Re: [druid-user] Druid 0.22.0 - Query performance

I don’t have details, but how does it perform with “forceLimitPushDown”: true and “applyLimitPushDownToSegment”:false?
Docs say applyLimitPushDownToSegment can negatively affect performance, although it says if there are large numbers of segments, and you only have 24. Maybe it makes druid scan more segments, while the limit could have been reached in fewer?

Hello -

One of our developers (at Imply) let me know that we’ve seen this issue, and think it is likely due to the implementation of forceLimitPushDown.
Iiuc, druid is doing string comparisons for the groupBy, and when merging results from segments, the dictionaries are not available, and it has
to store and sort the strings. (And you’re grouping by 57 dimensions, presumably some or many of them are strings.) Hopefully this will be
improved on in the future.
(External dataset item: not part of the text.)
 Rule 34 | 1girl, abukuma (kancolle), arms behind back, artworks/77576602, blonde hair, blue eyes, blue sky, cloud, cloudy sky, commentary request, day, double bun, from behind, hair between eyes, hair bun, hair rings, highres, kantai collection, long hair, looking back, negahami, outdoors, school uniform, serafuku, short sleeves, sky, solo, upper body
This is what he said to me, for more detail:

This is because LimitedBufferHashGrouper needs to compare those values to keep only the top N entries in memory, but the dictionary is not available when merging (not combining) per-segment results.

So, it’s a result of current code, and it sounds like you’re better off not using it for this query. I hope that helps!

It sounds like it might currently be useful if you’re grouping by numeric columns. Hopefully in the future it’ll work for strings, too.